She kept her eyes lowered and said in a flat, blunt tone: “Next time you’re in a bad mood, find a way of letting it out that doesn’t put other people through trouble. You’re no helpless, sniveling infant! The way I see it, only spineless good-for-nothings who can’t vent their anger end up turning it against their own bodies!”
Such words — no man could bear to hear them. Situ Sheng narrowed his eyes, his voice low and grinding, as if his teeth were clenched tight. He said once more: “Get — out!”
Chu Linlang seemed not to hear. She finished binding the wound and tied it off in a neat bow, then set the still-warm fried rice in front of her employer: “Eat first. Once you’ve eaten, I’ll go.”
Such an utterly brazen, shameless, immovable woman — and he had been the one who had deliberately kept her here in his own residence?
Situ Sheng simmered in silence, uncertain whether he was angry at her or more angry at himself.
Chu Linlang saw him still motionless, and let out a faint sigh.
It was deep in the night, and an unmarried man and woman alone together in a room was plainly improper. Yet she felt she couldn’t leave him here alone.
If she left, he would put the lamp out again. A room full of darkness could sometimes darken its way into the heart as well.
Linlang didn’t know what Situ Sheng’s inner demon was, but she could speak of her own.
She turned the lamp up brighter, tidied the chopsticks and bowl for him, and seemed to be talking to herself: “When I was small, every time my father beat and scolded my mother, he would take it out on me too. At first I would always cry. Once I’d cried myself dry, I’d imagine that a god from heaven would come and use a magic gourd to sweep me and my mother away, far from that home.”
Of course Situ Sheng knew all this. Every time she was beaten, he would always be on the other side of the wall, falling asleep to the sound of a girl child’s sobbing and low, bitter cursing.
Chu Linlang said this, then laughed at herself: “So back then, when my father forced me to marry an old man, the appearance of Zhou Sui’an felt like a heavenly god descending. He carried me away, and at last I could leave that suffocating home.”
Hearing this, Situ Sheng’s gaze grew colder still, and he couldn’t even be bothered to make a sound.
Chu Linlang continued: “You’re thinking I encountered the wrong person — that I mistook a faithless man for a heavenly god, aren’t you? I’ve thought about it too. If time could be turned back, what would I choose? But when I think it through, at that time my options were so limited, I would probably still have left with him.”
Hearing those words, Situ Sheng’s expression grew even colder — he was too indifferent even to scoff.
Yet Chu Linlang went on: “Only, I would come to understand sooner that no one can ever be anyone else’s saving god. Rather than placing one’s trust in the divine interventions of heaven, it’s better to rely entirely on oneself and fight with everything you have for your own sake.
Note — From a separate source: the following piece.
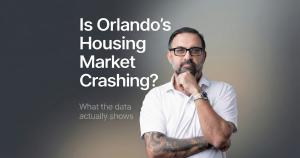 As online speculation grows around whether the Orlando housing market is “crashing,” a new data-driven analysis suggests a more measured reality: home prices have stabilized following the rapid growth seen between 2020 and 2022, and foreclosure activity is normalizing from historically low levels Shahram Sondi, Orlando-based Certified Mortgage Advisor™ (NMLS 186790), providing housing market analysis.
Isn’t that how it is for people in this world — doing the best one can within whatever limited options there are? Even if things don’t go well, push through this ditch, then try hard afterward to have more choices for yourself. That’s not so bad either…”
Situ Sheng was quiet for a moment, then finally opened his mouth: “You’ve said so much to me. What exactly are you trying to say?”
Chu Linlang blinked and said: “I mean — even if you, my lord, appear at this moment to command wind and call rain, to be the nation’s indispensable pillar of support, you are still a person who grew from a small child, bit by bit. There will always be moments of powerlessness. When you cannot achieve the very best, don’t be too hard on yourself — don’t go to war with yourself. Even a lowly ant like me understands what it means to take the long view and work toward things little by little. My lord, if you keep tying yourself in knots like this, your life will be too short, and you won’t live to see the good days… Oh dear, I’ve said the wrong thing again — your nose bridge is so strong and prominent, anyone can see you’ll live to a hundred! I won’t ramble anymore. My lord, please rest early!”
Having said all that, without waiting for Situ Sheng to order her out again, she immediately lifted her skirts and made her escape at a trot.
She knew it was no use — stubborn souls never listened to anyone’s persuasion. Even Zhou Sui’an, foolish as he was, would sometimes refuse to heed her counsel. She had no expectation of talking a man as deeply deliberate as Situ Sheng around to her way of thinking.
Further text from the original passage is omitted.